» PROBLEM REQUIREMENTS
Copy exactly, from the beginning of the material below, every line up to and including the one holding "melden sich. |", with the pictures left out.

Segment Open

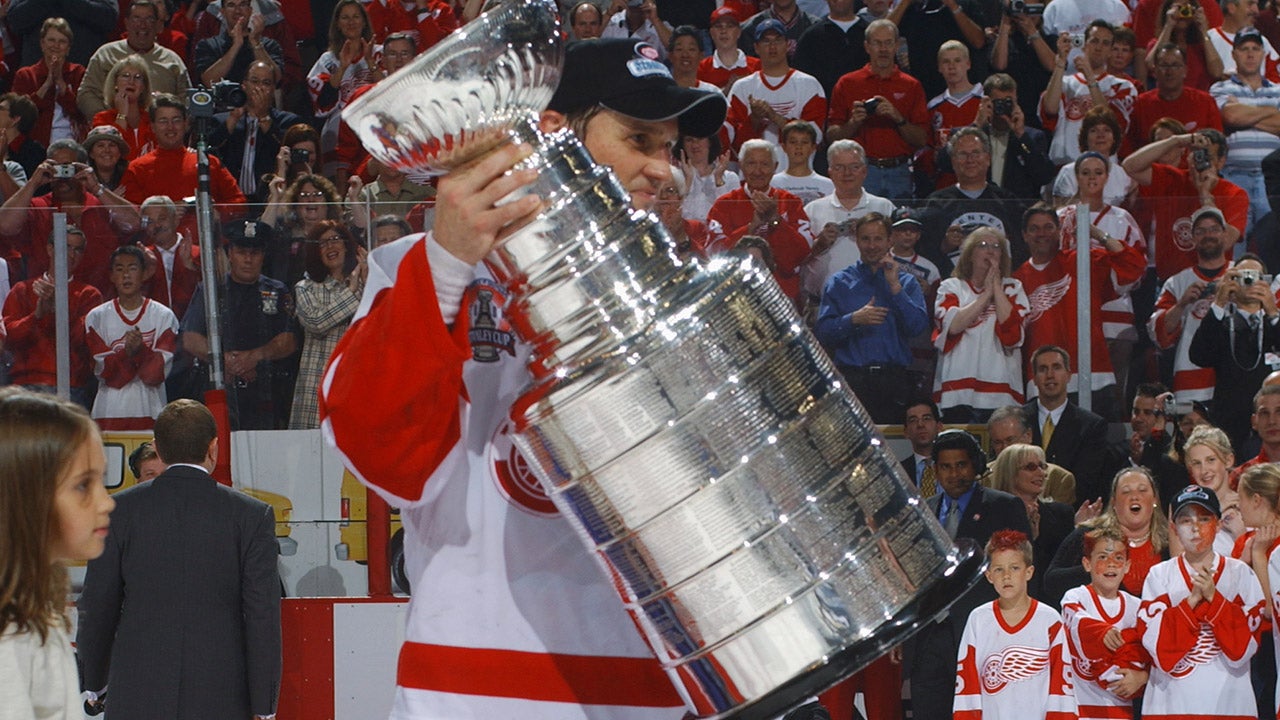 Steve Yzerman #19 of the Detroit Red Wings is presented with the Stanley Cup after defeating the Carolina Hurricanes during Game 5 of the 2002 NHL Stanley Cup Final. (Dave Sandford/Getty Images/NHLI)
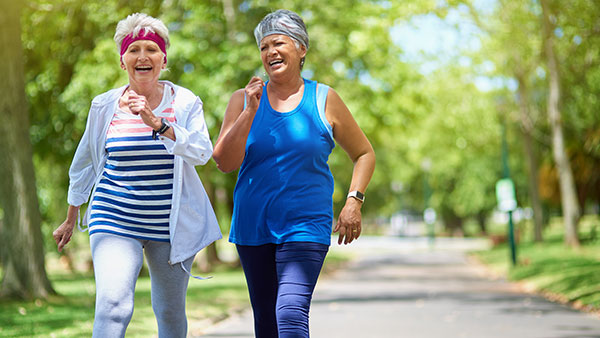 Shot of two elderly friends enjoying a run together outdoors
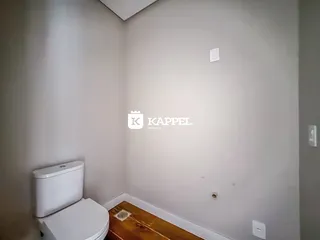 Foto de um banheiro mostrando um vaso sanitário e piso de madeira.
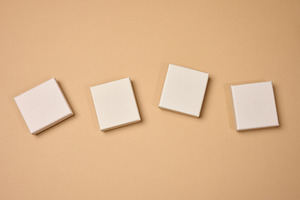 Four beige square cardboard boxes on a beige background., a Background Photo by ndanko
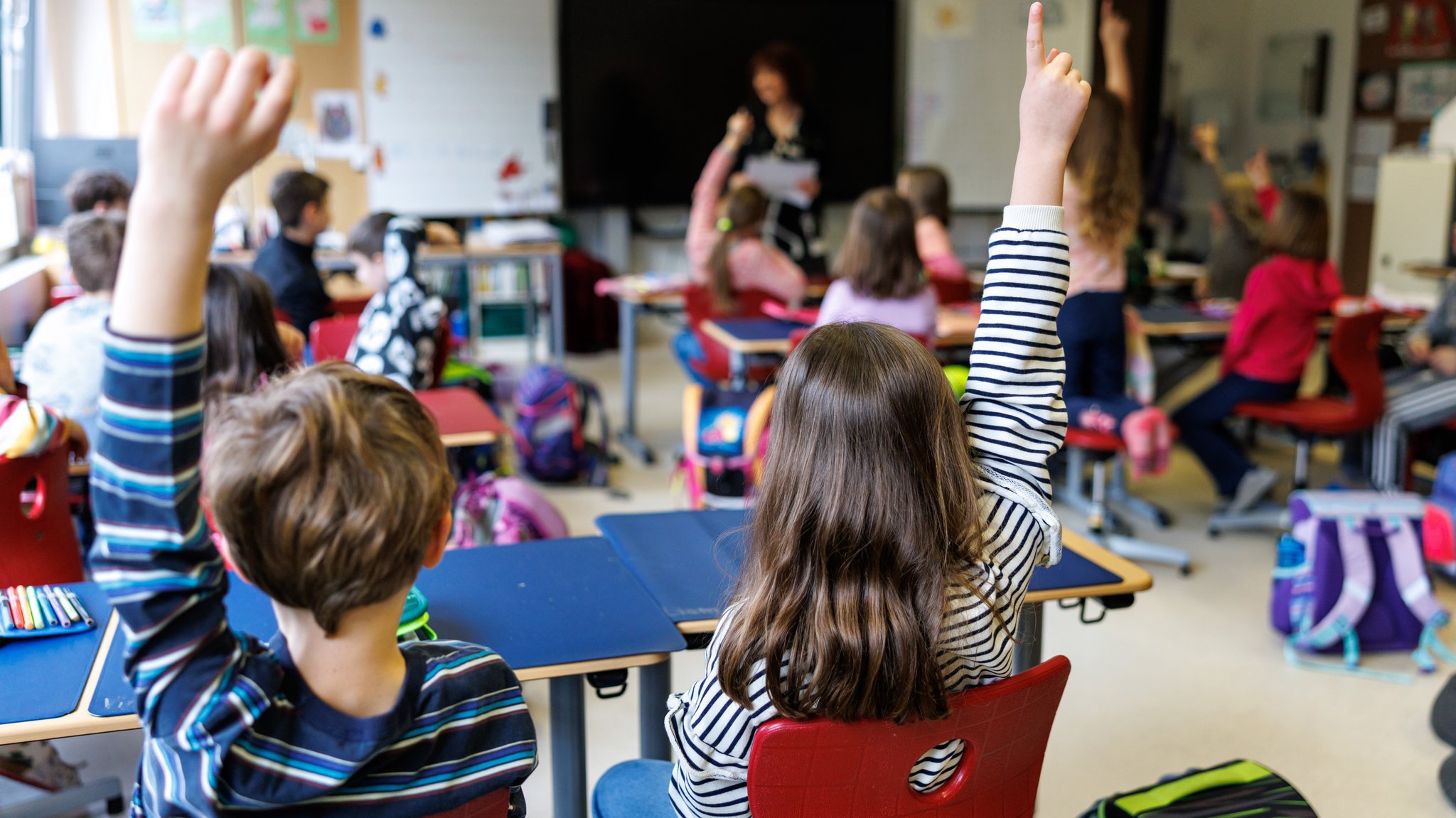 Schüler sitzen während einer Unterrichtsstunde auf ihren Plätzen im Klassenzimmer und melden sich. | Bild: picture alliance/dpa | Matthias Balk Schüler sitzen während einer Unterrichtsstunde auf ihren Plätzen im Klassenzimmer und melden sich.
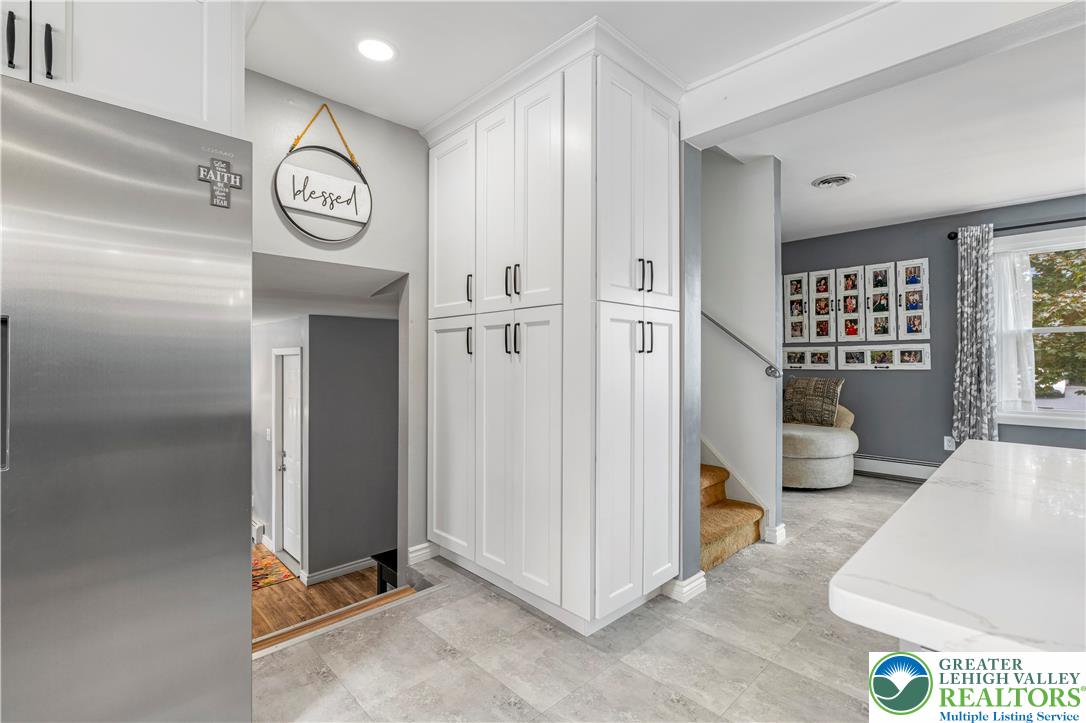 3340 Bridlepath Road Easton, PA 18045 - Photo 20 of 52 a view of a hallway with elevator and glass door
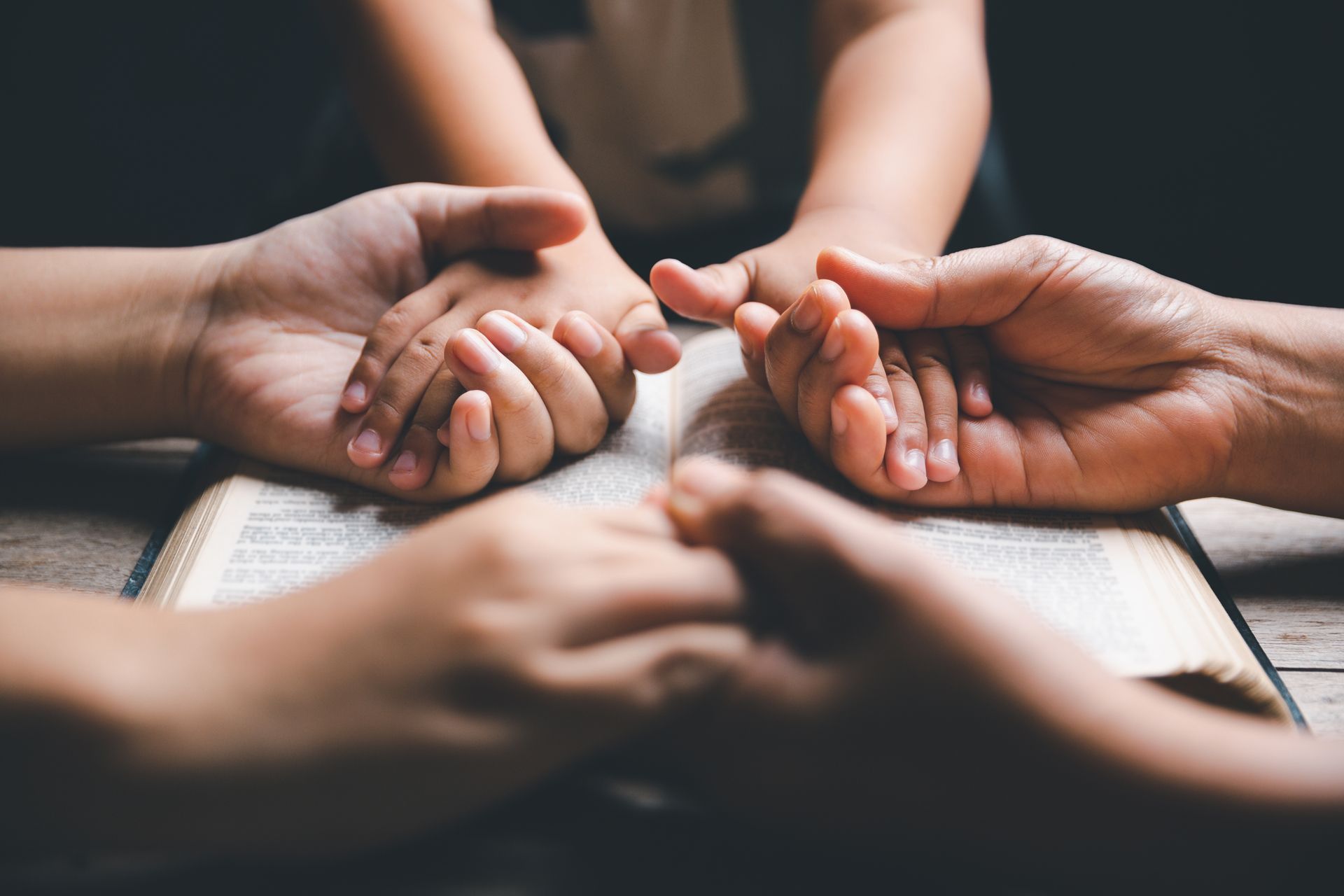 Hands of several people touching over an open book in a close, supportive circle.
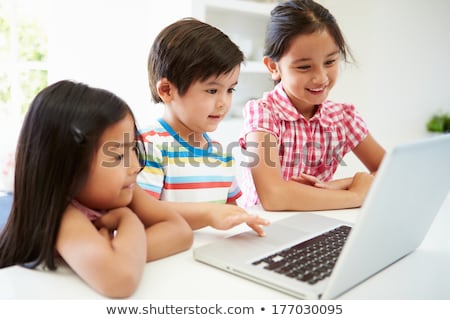 Stock photo: Brother And Sister Using Laptop
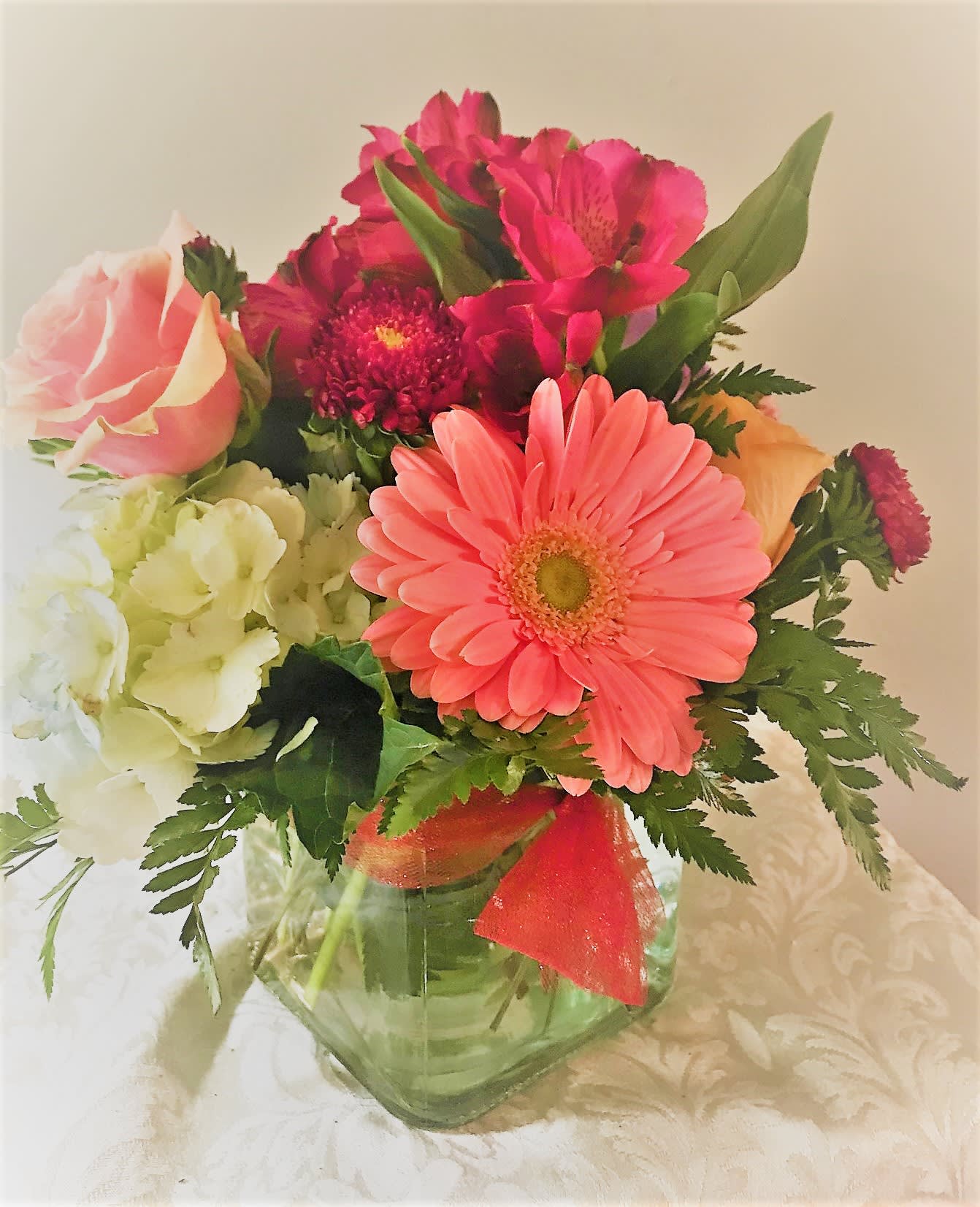 Mixed bouquet in a clear glass vase with pink gerbera daisies and roses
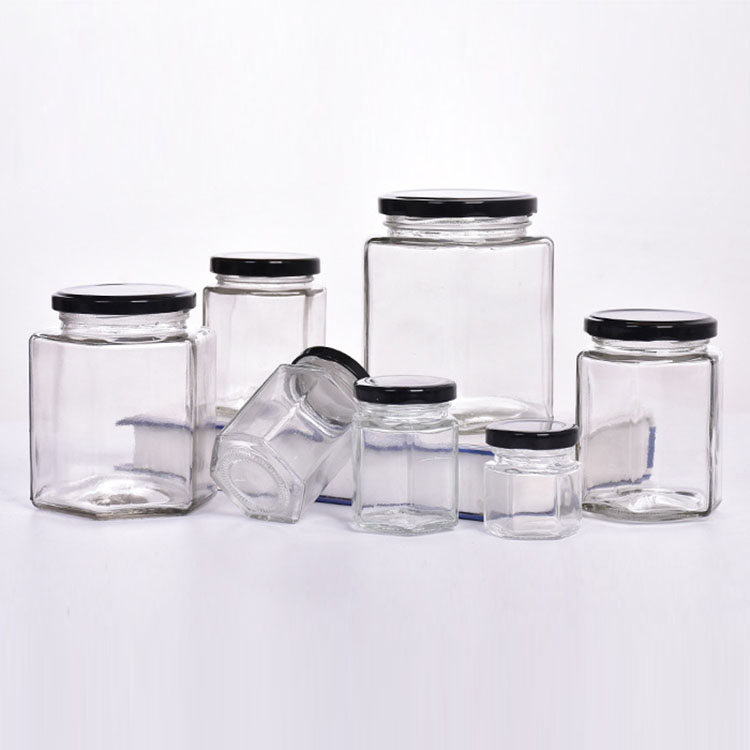 Wholesale  500g 1000g hexagon honey glass jar with metal closure lid honey jars glass hexagonal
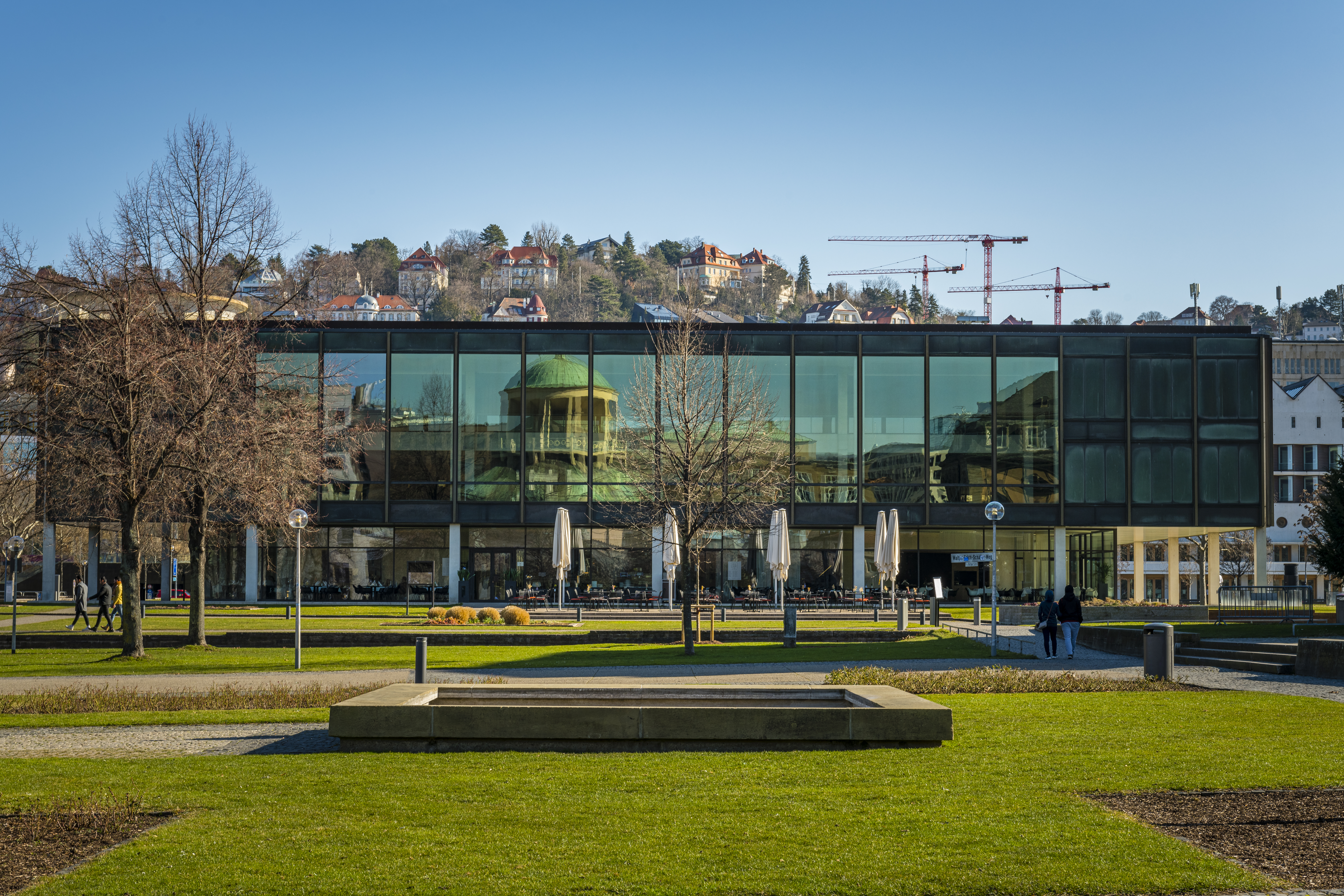 Au&szlig;enansicht des Landtags Baden-w&uuml;rttemberg in Stuttgart: Ein gl&auml;senernes Geb&auml;ude im Hintergrund, in dem sich ein gegen&uuml;berliegendes Geb&auml;ude mit einer Kuppel spiegelt. Vor dem Geb&auml;ude eine gr&uuml;ne Wiese und ein Brunnen. Im Hintergrund ist die Spitze eines Berges zu erkennen mit zahlreichen H&auml;usern.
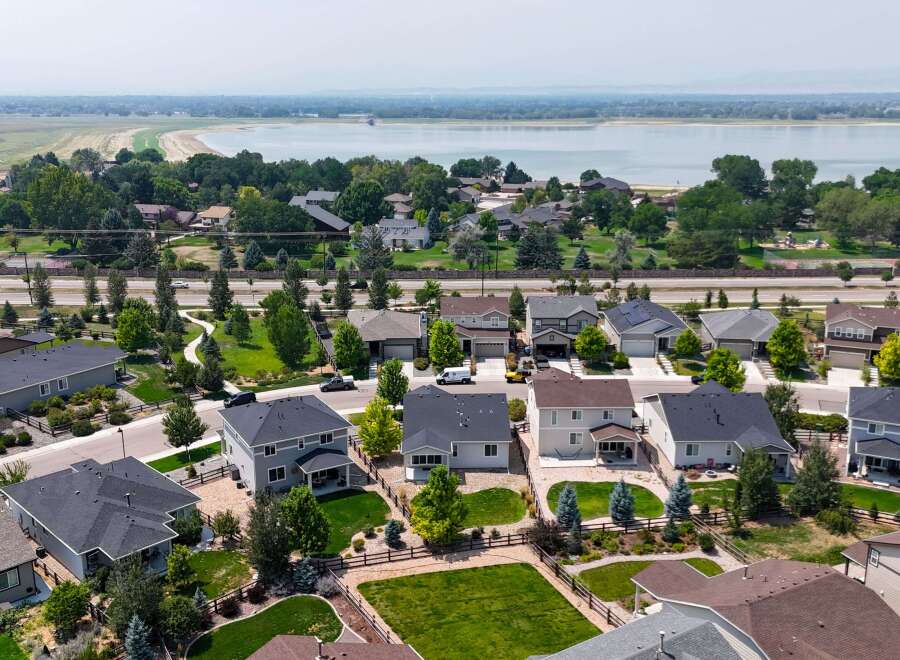 Discover this stunning suburban neighborhood featuring modern homes with spacious yards and beautiful landscaping.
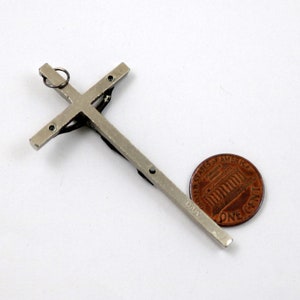 Puede incluir: Crucifijo de metal plateado con una peque&ntilde;a figura de Jesucristo. El crucifijo es aproximadamente del tama&ntilde;o de una moneda de un c&eacute;ntimo de euro.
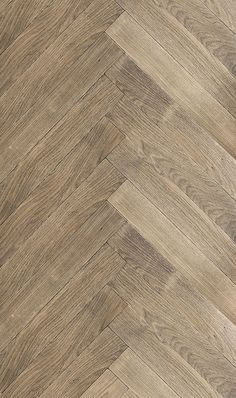 an image of wood flooring that looks like herringbones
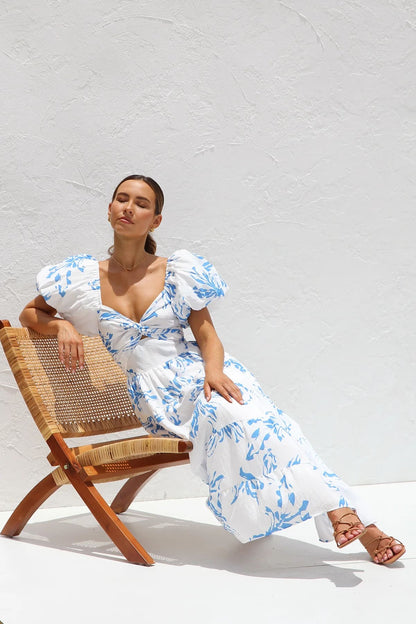 A woman wearing a white midi dress with a blue botanical print, featuring puff sleeves, a twist-front bodice with a cutout, and a tiered skirt, standing against a white textured wall.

Segment Closed

» EXERCISE RESPONSE
 Steve Yzerman #19 of the Detroit Red Wings is presented with the Stanley Cup after defeating the Carolina Hurricanes during Game 5 of the 2002 NHL Stanley Cup Final. (Dave Sandford/Getty Images/NHLI)
 Shot of two elderly friends enjoying a run together outdoors
 Foto de um banheiro mostrando um vaso sanitário e piso de madeira.
 Four beige square cardboard boxes on a beige background., a Background Photo by ndanko
 Schüler sitzen während einer Unterrichtsstunde auf ihren Plätzen im Klassenzimmer und melden sich. | Bild: picture alliance/dpa | Matthias Balk Schüler sitzen während einer Unterrichtsstunde auf ihren Plätzen im Klassenzimmer und melden sich.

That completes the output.